İtalya Başbakanı ve Avrupalı Sevr dayatmacıları, şimdi TBMM Başkanımız'a ve Başbakan Erez'e bakıp, ‘‘Bunlar kendi halkına ihanet etti’’ mi diyecek? Ben işin bu yönünü düşünmemiştim. Yalım Bey bu açıdan da tam isabet!

Çiller mi? Erez'i değil, kendinden başkasını başbakan görmek istemiyor. Erez'e görev veren Cumhurbaşkanı Demirel'e hakaretler yağdırıyor. Kendisine yakın TV kanalı ve gazetede, insan onuru ve çok özel aile değerleri bile hiçe sayılıyor. Hakaret hüner sanılıyor, yayın ilkeleri küfürden oluşuyor.

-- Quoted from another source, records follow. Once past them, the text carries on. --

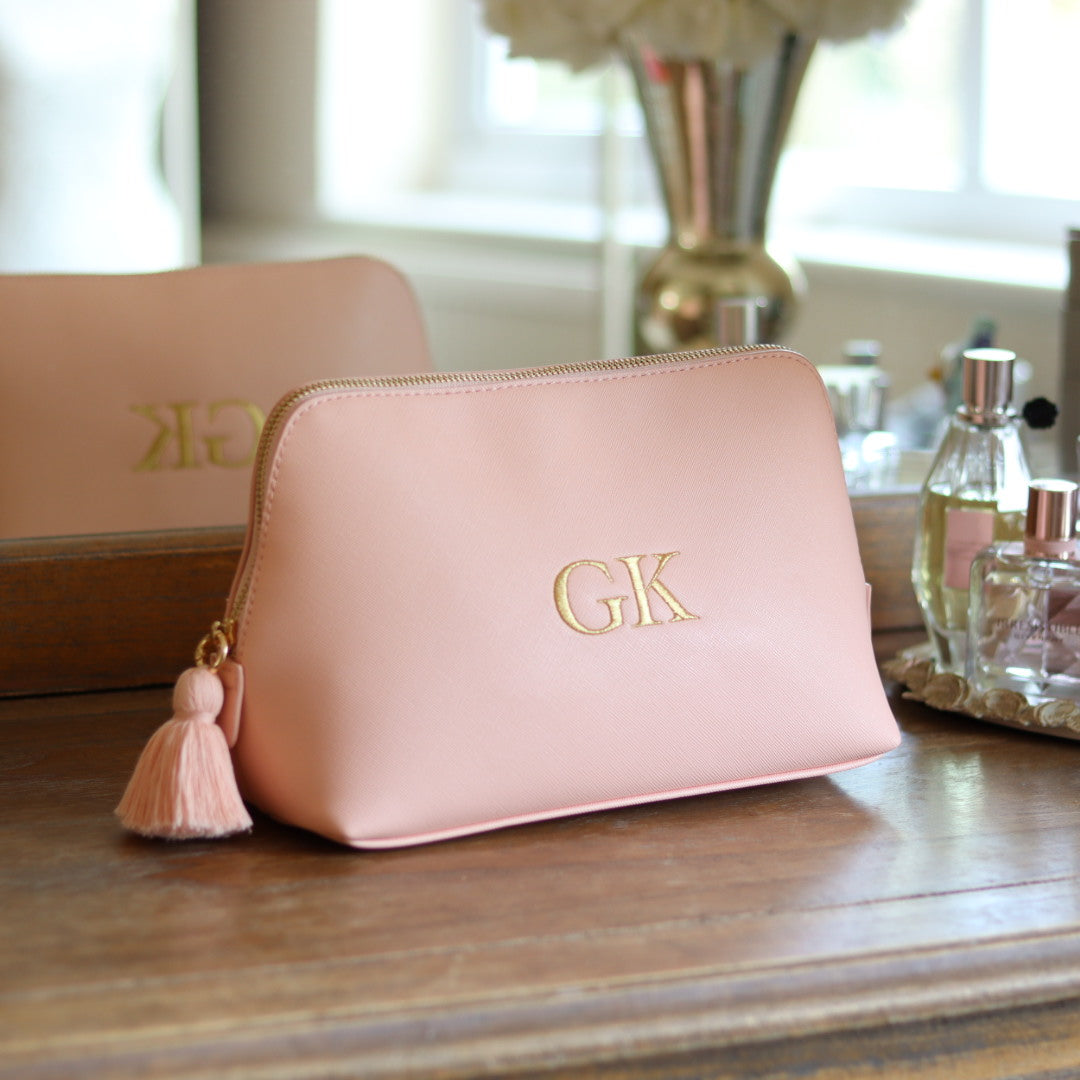 Personalised pink faux leather makeup/clutch bag with gold embroidered monogram initials and matching pink tassel zipper. Custom travel, cosmetics pouch gift for her.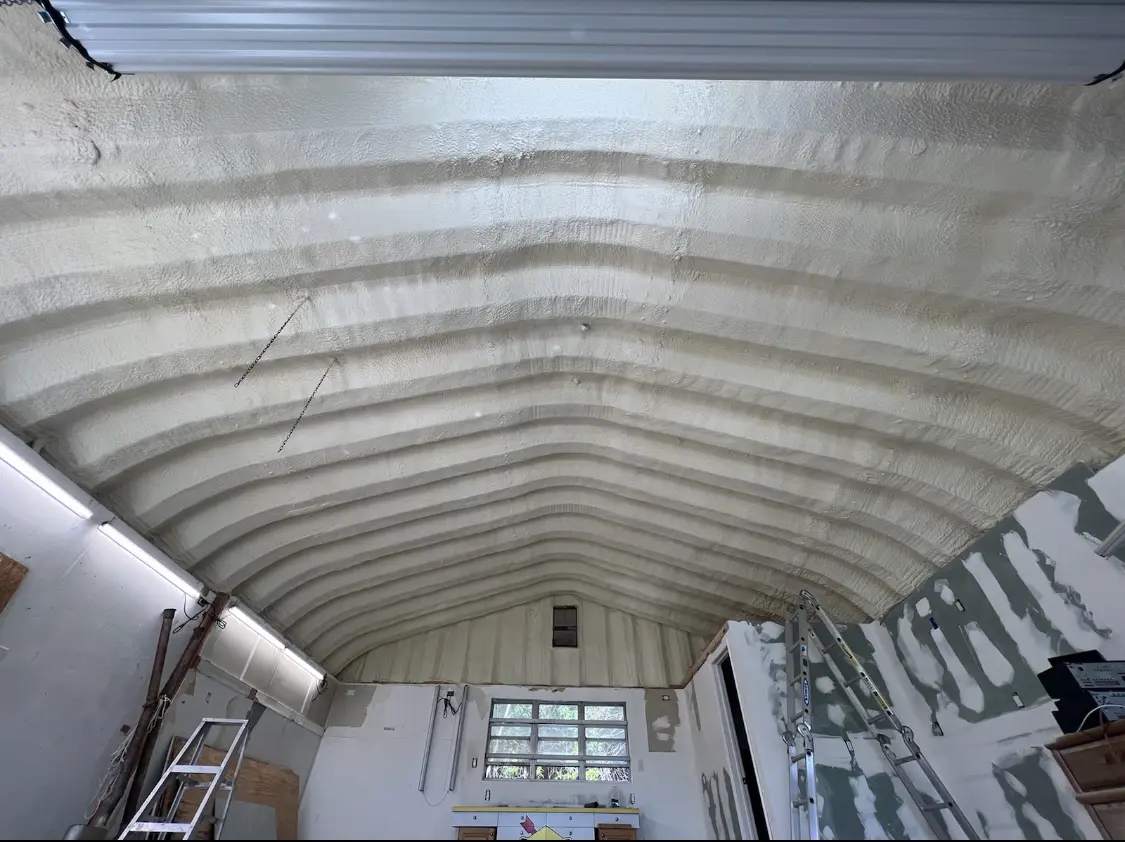 Spray polyurethane foam applied to the underside of a metal roof deck in Prairie du Chien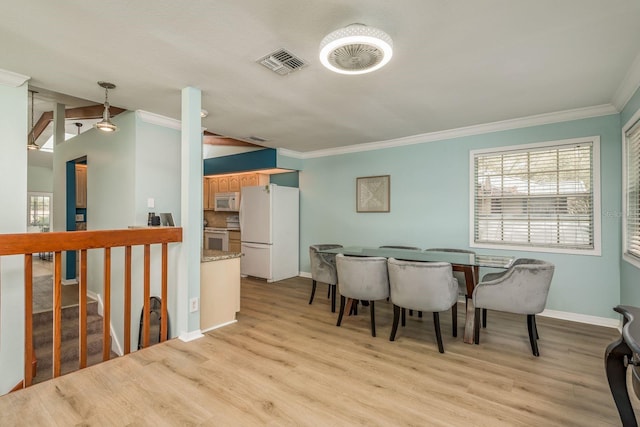 dining area featuring crown molding, light hardwood / wood-style flooring, and vaulted ceiling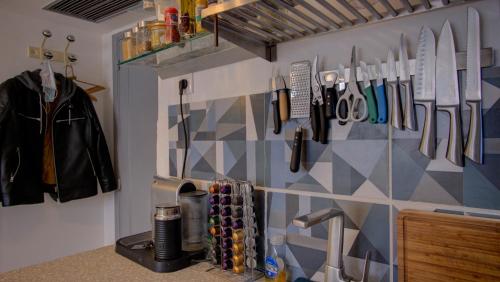 - une cuisine avec un mur avec des couteaux et des ustensiles dans l'établissement Les Tambourins Studio 19 - 3 étoiles, à Cannes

Telefon dinlemek, dinletmek anayasal suç. Ama, bu anayasa suçunu başarı sayıp, övünüyorlar. Allah ülkeyi korusun! Tansu Hanım, yarın iktidar olursa ne olur memleketin hali?

İNÖNÜ'NÜN ÖLÜM YILDÖNÜMÜ

Yine de güzel şeyler oluyor. Salı akşamı Pembe Köşke'e gittim. Şefik Kahramankaptan, İsmet Paşa'nın 25. ölüm yıldönümünde nefis bir belgesel ortaya çıkardı; ‘‘İsmet İnönü ve Harika Çocuklar’’

1948'de çıkarılan Harika Çocuklar Yasası ile Türkiye'nin yetenekli çocuklarının önü açıldı. Suna Kan ve İdil Biret bu yasayla, Özden Toker'in deyimiyle, ‘‘Birer güneş gibi doğdular’’. Ulusal onur elçilerimiz oldular.

İnönü Vakfı'nın gecesinde, cumhuriyetin temiz kokusunu soluduk. Yıllar önce, İsmet Paşa'nın elini öptüğüm salonda, eski dostlarla sohbet ettik.

Mehmet Ali Kışlalı, Fikret Ünlü, Prof. Hikmet Sami Türk, Prof. Türkan Akyol, Ali İhsan Göğüş, Mehmet Dülger, Cavit Kavak, Murat Katoğlu, Ahmet Say, Gülsüm ve Mustafa Bilgehan, Prof. Hikmet Şimşek, Hüseyin Akbulut, Mehmet Özer, Ümit Gürtuna, Timur Erkman ve Metin Toker.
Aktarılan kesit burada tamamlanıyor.